La poesia di Niemoller, “Prima arrivarono per i socialisti…”, non è un semplice cliché. Quando ti sbarazzi delle persone marginalizzate, non li ritrovi più quando hai bisogno di loro. Questo è il significato del motto dei Wobbly: “un’offesa ad uno è un’offesa ad ognuno”.

Abbandonare i marginalizzati è strategicamente stupido perché sono loro, alienati dal neoliberalismo della Clinton, ad avere più probabilità di stare a casa o votare un terzo partito. Molti accaniti sostenitori della Clinton bollano l’opposizione di sinistra come “uomini bianchi privilegiati”. Ma proprio loro provengono dall’alta borghesia professionista bianca, il cuore demografico dei liberal istituzionali. Tanto che, invece di smantellare le strutture del potere, preferiscono aderire a qualunque politica razziale o di genere, al vecchio modello degli anni settanta basato su una “politica identitaria” unidimensionale che puntava esclusivamente a mettere donne e persone di colore nelle strutture di potere esistenti, ignorando le questioni di classe.

Questa ideologia è quasi l’opposto della politica intersezionale a cui aderiscono i cosiddetti “giustizieri della società” odiati dalla destra culturale. La sinistra che si oppone alla Clinton è piena di persone di colore, donne LGBT (comprese molte transgender odiate da tante femministe di seconda generazione), professioniste del sesso, e lavoratori degli strati più bassi. Probabilmente, i principali ammiratori della Clinton provenienti dalla classe medio-alta (come Amanda Marcotte, Peter Daou, Sady Doyle, Clara Jeffrey e simili) vorrebbero insultare o bloccare quelle persone marginalizzate che espongono punti di vista critici sui social media, insisterebbero a dire che non esistono, che solo gli “amici di Bernie Sanders” e la destra ce l’avevano con Hillary.

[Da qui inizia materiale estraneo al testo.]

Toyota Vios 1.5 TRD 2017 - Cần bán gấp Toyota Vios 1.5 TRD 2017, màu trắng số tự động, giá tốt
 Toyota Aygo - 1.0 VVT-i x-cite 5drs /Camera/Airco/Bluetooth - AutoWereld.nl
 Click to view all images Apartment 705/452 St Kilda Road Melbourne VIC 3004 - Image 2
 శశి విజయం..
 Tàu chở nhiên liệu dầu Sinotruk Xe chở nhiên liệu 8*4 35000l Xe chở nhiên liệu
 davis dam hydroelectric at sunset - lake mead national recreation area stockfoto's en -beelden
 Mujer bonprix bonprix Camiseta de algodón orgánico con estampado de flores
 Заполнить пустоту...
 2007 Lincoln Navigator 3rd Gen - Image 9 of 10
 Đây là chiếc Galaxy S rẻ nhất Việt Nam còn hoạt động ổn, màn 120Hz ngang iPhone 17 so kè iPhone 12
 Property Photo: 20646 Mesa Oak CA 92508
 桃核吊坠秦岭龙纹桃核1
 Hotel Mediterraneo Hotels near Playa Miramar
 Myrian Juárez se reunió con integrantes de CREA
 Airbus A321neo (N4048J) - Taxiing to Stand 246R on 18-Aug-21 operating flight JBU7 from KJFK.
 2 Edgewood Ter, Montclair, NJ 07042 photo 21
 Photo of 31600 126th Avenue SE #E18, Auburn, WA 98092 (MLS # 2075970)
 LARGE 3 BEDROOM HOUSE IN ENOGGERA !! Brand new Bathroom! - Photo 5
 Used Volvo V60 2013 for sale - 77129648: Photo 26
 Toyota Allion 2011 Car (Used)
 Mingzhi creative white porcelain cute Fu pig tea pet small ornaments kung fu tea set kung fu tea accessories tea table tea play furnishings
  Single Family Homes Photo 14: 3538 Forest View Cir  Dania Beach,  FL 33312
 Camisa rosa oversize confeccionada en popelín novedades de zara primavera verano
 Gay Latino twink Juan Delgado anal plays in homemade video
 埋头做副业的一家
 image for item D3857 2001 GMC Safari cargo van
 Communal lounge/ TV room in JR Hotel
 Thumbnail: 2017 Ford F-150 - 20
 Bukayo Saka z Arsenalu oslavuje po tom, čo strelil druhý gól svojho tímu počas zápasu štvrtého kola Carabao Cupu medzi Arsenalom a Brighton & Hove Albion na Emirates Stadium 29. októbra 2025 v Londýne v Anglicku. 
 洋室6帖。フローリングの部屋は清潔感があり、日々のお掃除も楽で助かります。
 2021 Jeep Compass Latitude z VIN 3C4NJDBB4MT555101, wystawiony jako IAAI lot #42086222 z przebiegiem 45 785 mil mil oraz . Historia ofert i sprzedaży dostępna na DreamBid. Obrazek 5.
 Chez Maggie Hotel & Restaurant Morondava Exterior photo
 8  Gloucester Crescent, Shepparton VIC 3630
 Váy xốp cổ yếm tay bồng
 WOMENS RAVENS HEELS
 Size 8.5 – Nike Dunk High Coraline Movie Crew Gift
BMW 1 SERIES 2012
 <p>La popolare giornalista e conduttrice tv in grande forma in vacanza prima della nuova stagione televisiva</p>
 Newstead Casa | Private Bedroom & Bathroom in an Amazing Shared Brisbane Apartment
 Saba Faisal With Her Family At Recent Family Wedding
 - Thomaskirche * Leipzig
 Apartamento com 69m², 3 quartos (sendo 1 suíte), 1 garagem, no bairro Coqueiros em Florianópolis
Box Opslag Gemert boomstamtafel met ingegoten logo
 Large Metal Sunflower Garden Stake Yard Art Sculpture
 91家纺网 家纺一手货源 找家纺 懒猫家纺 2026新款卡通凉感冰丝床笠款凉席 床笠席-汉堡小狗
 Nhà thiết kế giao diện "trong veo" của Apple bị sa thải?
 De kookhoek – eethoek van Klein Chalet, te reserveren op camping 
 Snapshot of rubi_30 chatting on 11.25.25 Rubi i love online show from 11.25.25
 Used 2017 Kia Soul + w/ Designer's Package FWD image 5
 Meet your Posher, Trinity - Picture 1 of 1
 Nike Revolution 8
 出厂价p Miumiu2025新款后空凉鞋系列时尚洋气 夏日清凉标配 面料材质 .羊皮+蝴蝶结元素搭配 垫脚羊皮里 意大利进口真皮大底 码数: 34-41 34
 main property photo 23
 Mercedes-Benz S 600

Rispetto al 2012, la partecipazione al voto degli afroamericani è calata molto; forse perché non riuscivano ad entusiasmarsi per una candidata che approvava i crimini e le “riforme” sociali di suo marito mentre parlava di “super-predator”, una che nel 2008 ha fatto una campagna elettorale basata su velati messaggi razzisti riguardo Obama.

E la vittoria di Trump non significa il riemergere del razzismo bianco in risposta al “politicamente corretto impazzito”. Trump ha preso due milioni di voti meno di Romney nel 2012. La Clinton è stata bocciata perché la sua politica estera ed economica era due micron alla sinistra dei repubblicani istituzionali, e nessuno aveva voglia di fare un’ora e mezzo di fila per un candidato spazzatura come lei. Punto.

Dunque, non accusate i marginalizzati per la sconfitta della Clinton.

La società a cui puntiamo (a cui dovremmo puntare, almeno) è una società in cui gli esseri umani sono considerati il fine, non il mezzo. Come si suol dire, il mezzo è il fine in fase di svolgimento. Non si può edificare una società giusta e libera se alcune persone sono più sacrificabili di altre.